You can choose between reconstituted stone, brick, natural stone, and concrete blocks as materials.  Ignoring the need for retaining walls will usually mean you’ll have to deal with constant soil loss, heavy element injuries, and even possible arguments over the property lines. 

Consider a number of factors first before proceeding with a retaining wall project. 


Retaining walls are expected to fulfil a rather big job. Aside from holding the constant push from both the grass and soil, it also has to contend with gravitational weight, the slope, as well as moisture. You’ll need such heavy materials as timber, big wall blocks, as well as poured concrete if you are to successfully get the pressure counteracted as well as to prevent the wall from collapsing. If the wall really has to be extra secure and strong, you can reinforce the footing concrete with bars or rods. 


When retaining walls are built with less quality, they can crack, bulge or lean. This could make them a massive inconvenience whilst also making them less than aesthetically appealing to the eyes.  They also come with the potential risk of becoming a hazard if they fall over. As a result, you may need to secure formal approval from the local council before you’ll be allowed to build it in areas near pathways and roads. If you expect to get it built near a property boundary, it helps to talk with the neighbours ahead of time. 

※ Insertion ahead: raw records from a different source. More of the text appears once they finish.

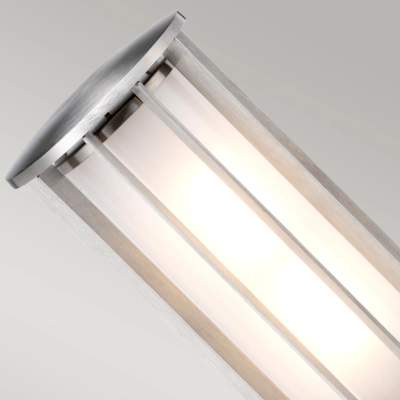 Hornsea 1 lampa stojąca IP55 1xE27 drewno tekowe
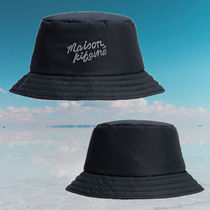 Maison Kitsune Bucket Hat★メゾンキツネ ロゴ バケットハット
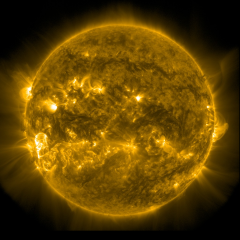 Image of Sun's corona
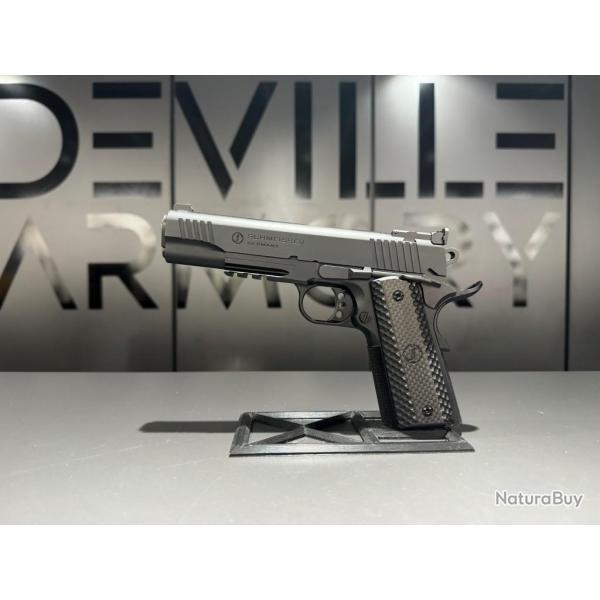 Pistolet Schmeisser HUGO 1911 avec hausse LPA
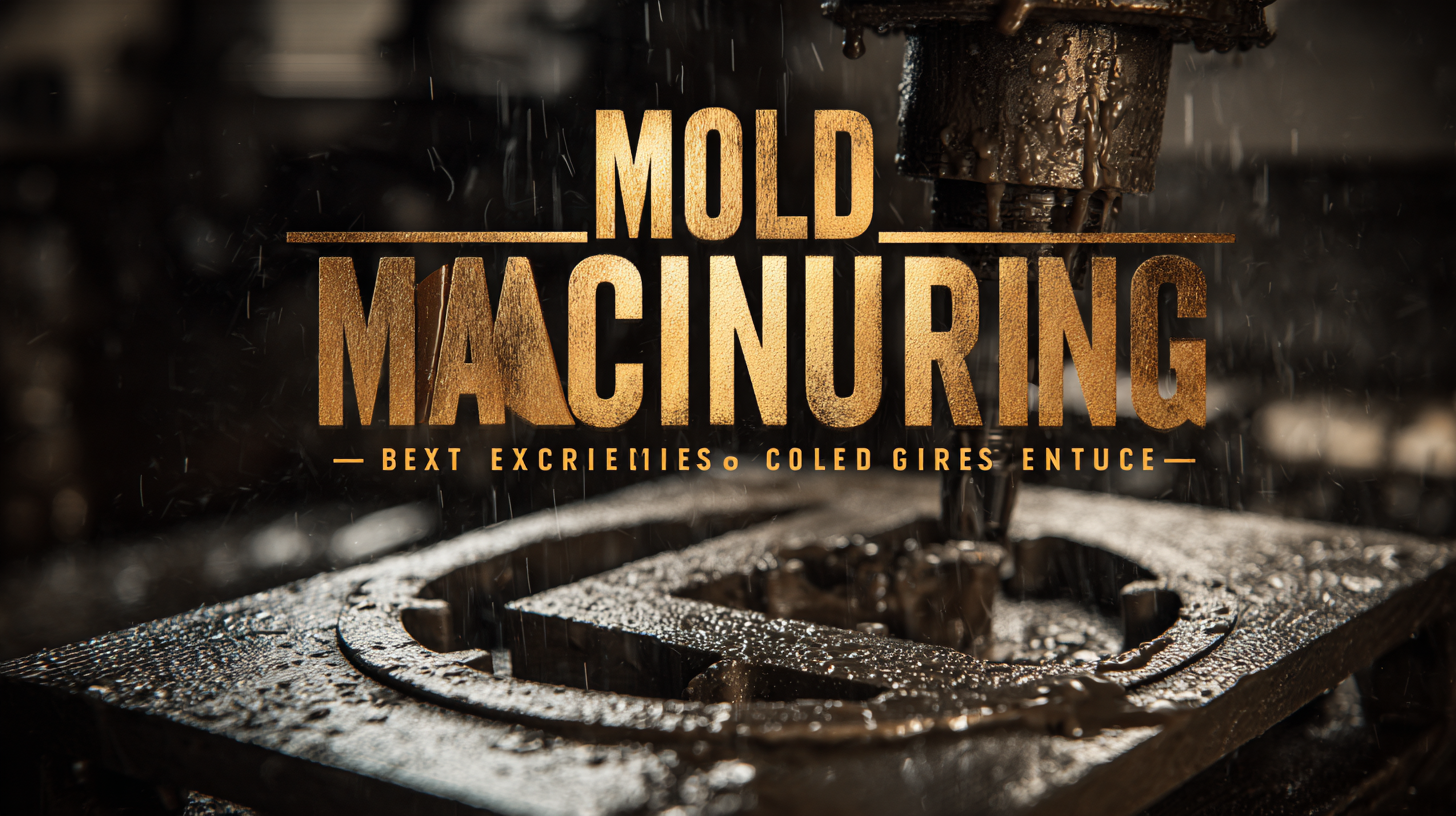 Ultimate Guide to Achieving Excellence in Best Mold Manufacturing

Wearing and tearing due to exposure to the outside elements are just a few of the things that retaining walls have to contend with. This is why it matters considerably that the walls can be successfully waterproofed and drained as water can only add to the pressure and weight on the structure and cause it to bulge and crack. Make sure that the gravels are backfilled too, to ensure proper drainage. Add weep holes as well as perforated pipes that have drainage cloth attached to them. Finish things off with a waterproofing membrane. 

Party Wall Agreement

A Party Wall Agreement covers the decisions made between shared walls in semi-detached or terraced houses as well as flats. You are expected to inform your neighbours about your plans to carry out some building project especially in the shared boundary of both your properties. Party wall issues are usually charged an hourly rate of £150 to £250. 

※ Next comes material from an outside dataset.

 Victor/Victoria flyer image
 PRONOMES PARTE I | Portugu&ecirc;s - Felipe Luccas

Party Walls/ Boundary Walls

Boundary walls are useful for separating two properties but can be a massive problem if you’re repairing or building garden walls. When there’s a disagreement between you and the neighbours about the specific location of the boundary, you may double-check things by securing property documents at the Land Registry. If the property turns out to be a party wall, it means that the wall’s maintenance will be a joint responsibility. You’ll need to come to an agreement with your neighbour or provide them with a written notice. It’s up to the neighbour whether to consent or pursue some legal actions. 

Listed Buildings and Conservation Areas

If the house happens to be part of a conservation area or a listed building, planning permission is required before you can perform any alteration. This includes erecting a new garden wall or getting an existing one demolished. This is because some boundary walls can even be older than houses so they might actually hold more architectural value and historical relevance. Violation of this regulation can lead to conviction penalty of up to £20000 or getting imprisoned for 6 months, the punishment is going to cover not only the property owner but also the surveyor, architect and builder involved. 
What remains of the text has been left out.